The reply must repeat the listing below exactly and carry none of its pictures.

Information supplied
══════════════════════════════
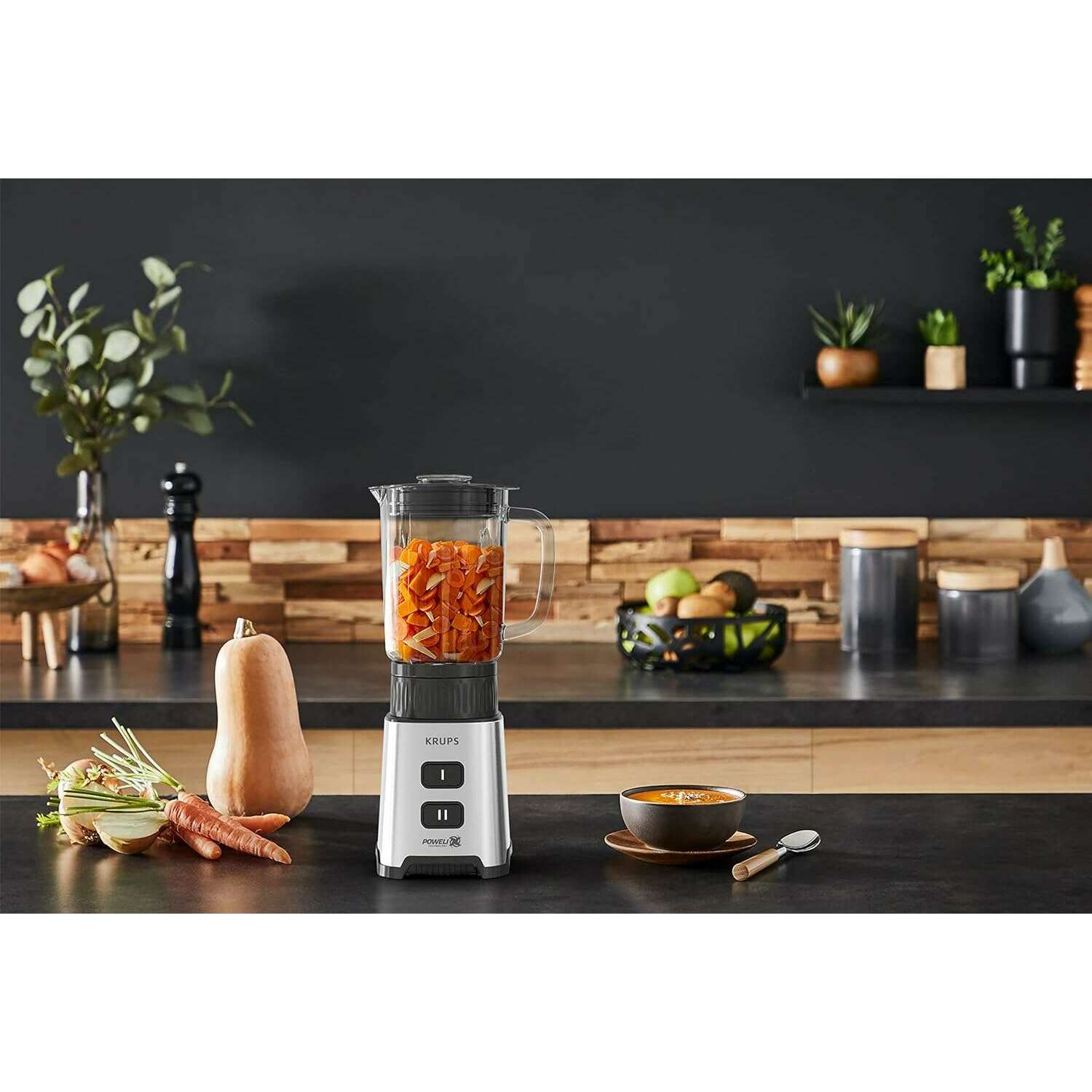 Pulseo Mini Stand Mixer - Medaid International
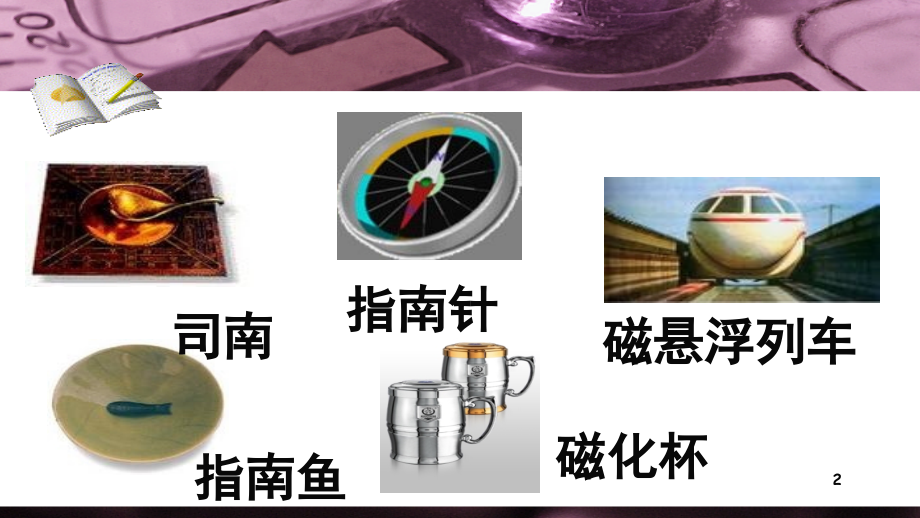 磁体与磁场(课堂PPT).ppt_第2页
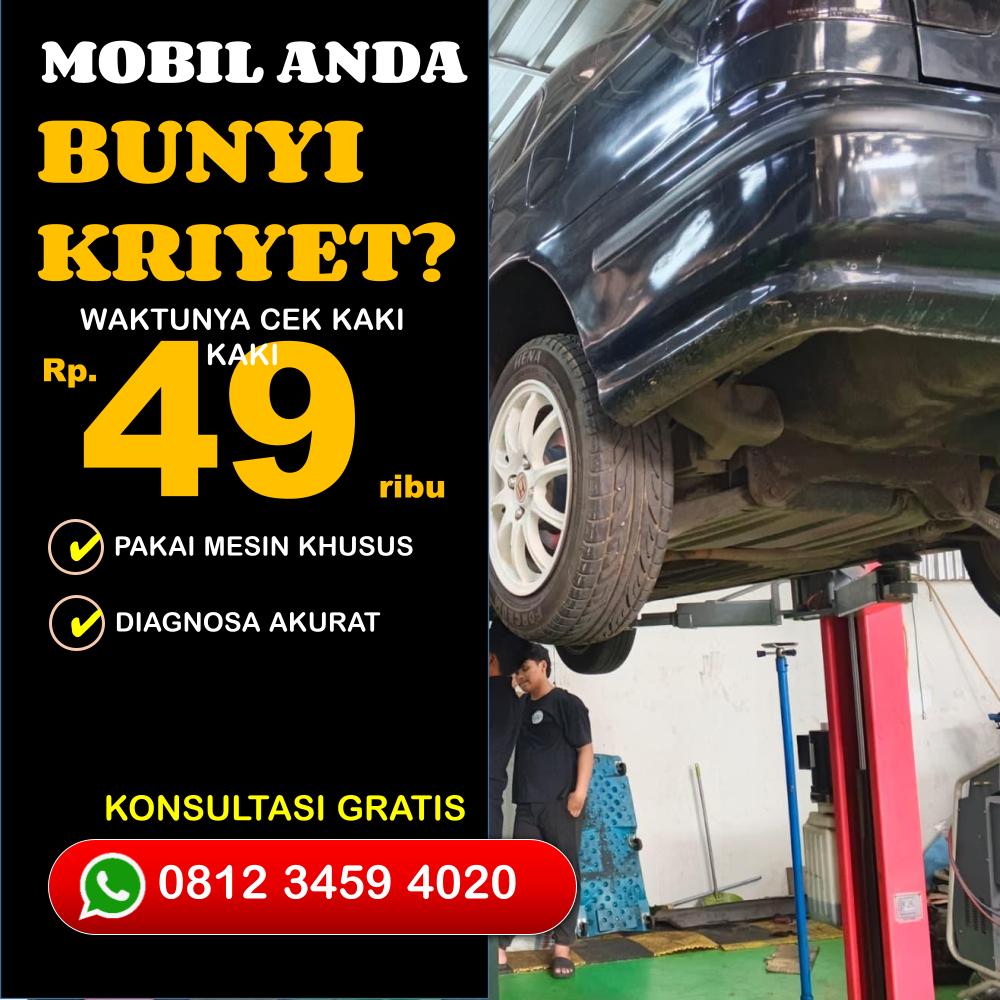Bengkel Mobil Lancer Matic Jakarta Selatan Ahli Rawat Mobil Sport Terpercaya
══════════════════════════════
Exercise answer
 Pulseo Mini Stand Mixer - Medaid International
 磁体与磁场(课堂PPT).ppt_第2页
Bengkel Mobil Lancer Matic Jakarta Selatan Ahli Rawat Mobil Sport Terpercaya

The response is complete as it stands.